一般的な学生よりやや遅れて、しかし大学を出ることがようやく現実味を増し始め、こんなことを書くということがどのようなことか。僕はけりを付けたがっている。この空の時間に。逃げ場である、ということは簡単に僕を許してはくれなかった。逃げるためには理由が要る。これは敗北ではなく転戦である、と他人に声を大にして言う、大義名分が要る。我々は価値のもとに生きていかねばならない。そう促す声がずっと鳴っていた。
詩を書くためには時間が必要である。それは僕やあなたが思うよりもずっと長く、果てしない時間である。まずはそれを身に染みさせる必要がある。時間は要るのであるが、作るものではない。在る時間、正確には現在という地点までに在った時間、その長さ、果てしなさを一身に受けなければ始まらない。これまで見たもの、これから見るであろうもの、その全てを請け負うというのは骨が折れる仕事だ。絶望的でもある。そしてその絶望は、甘美な絶望である。これまでとこれからを全て悲観し、それこそが私たちにとっての全てだと悦に入るに足るだけの、やわくて甘い揺らぎだ。

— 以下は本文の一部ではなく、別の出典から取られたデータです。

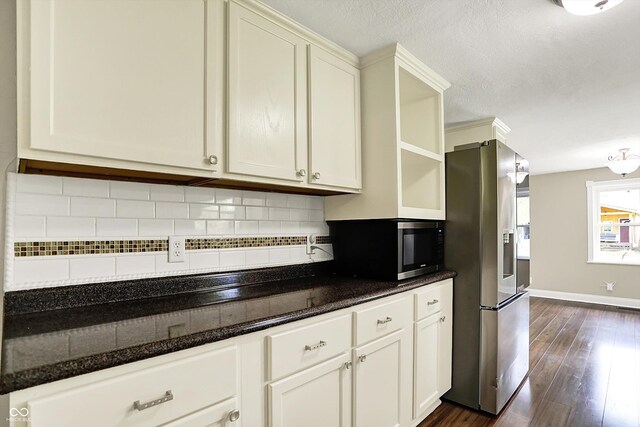 kitchen featuring stainless steel appliances, open shelves, dark wood finished floors, backsplash, and dark stone counters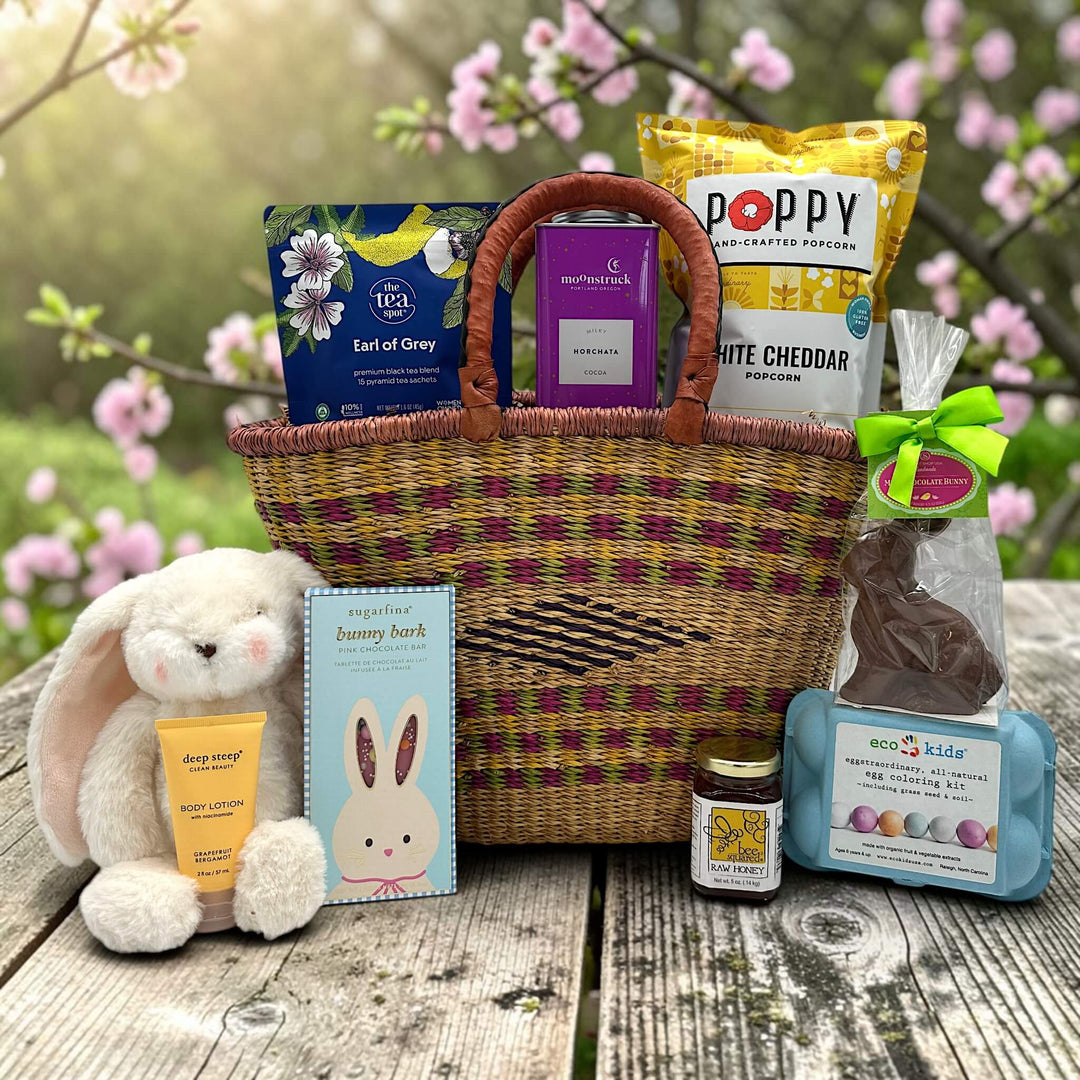handwoven basket with tea, cocoa, popcorm a stuffed bunny, lotion, chocolate bar, honey, egg coloring, and chocolate bunny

僕は自分で思うよりも遥かにペシミストであった。これは当然である。逃げ場は最期の場でなければならない。僕にとっての書くということは即ち、死ぬことと同義だった。自分の無価値と立会い、そしてそこに摂理を求める。何者にも許されず、かといって何者にも罰されずただ在る、その地点が詩であった。空、てんてんと転がる鞠のはずみ、公園のベンチにたたずむサラリーマン、その後姿が僕にとっての詩であった。
ほんとうのところ、僕には詩なぞ必要ない。
必要ないことこそが詩であった。
生きる、という時間を何に見ればよいだろうか。ある人は言う。労働に。ある人は言う。空に。僕はそのふたつを結び付けていた。空は、動きである。無は流れる。それをただ正当化するがために、自分の生を犠牲にしたと言ってもいい。その結果生まれ出でたものものを読んで、感動していただけた諸氏、あるいは過去の自分自身、彼らには申し訳ないが、そのようなモチベーションで書かれていたのだ僕の詩は。これは忌むべきことである。少なくとも生活者たる僕にとっては。箸にも棒にもかからぬ言説は、ただただ許す為にあった。なにものでもなく、最大の弱者たる自分を。情けない。僕はおそらく甘く死ぬだろう。このままでは。今日明日死なぬだけの労働をして、三日後以降のことは忘れて。それは幸福という名では呼ばれない。若く美しい肉体が朽ちる夜に、僕は無に抱かれるのだ。部屋いっぱいに堆く積もった、日々の無に。
では、
何を書こうというのか、これから?
心よわい人、わたし。ゆえに僕は必死だった。自分の作が何かであることに。偉大な何か。美しい何か。価値ある何か。やめだやめだ。空のために書くな。空を書け。わたしがわたしを証明するための文言ならば、これから先幾重にも重ねねばならない。運転免許証、学位、職務履歴書、源泉徴収、煙草ひとつ買うにも問われる、わたしはなにものであるか?馬鹿馬鹿しい。僕は甘んじてきた。その時間こそが僕だ。それを誰よりも僕は認めよう。このときに馬鹿馬鹿しさの質は立ち代わる。僕はグリッドに制約されない。切り分けられたフレームの中に収まるのは僕の部分だ。たとえそれが全体であったとしても、さしたる問題ではない。たまたまグリッドが僕より大きかっただけの話だ。空に浮かぶ鳥の姿を収める写真は、鳥の目の輝きを見ない。単にサイズの問題だ。距離感の問題だ。位相よ死ね。馬鹿馬鹿しい。苛立つな、その必要はない。僕はあらかじめ空である。そのために充分な時間は費やした。今こそはっきりと言おう、誰にも認められる必要はない。だから、認められにいこう。もう充分だ。
空のために書くな。空を書け。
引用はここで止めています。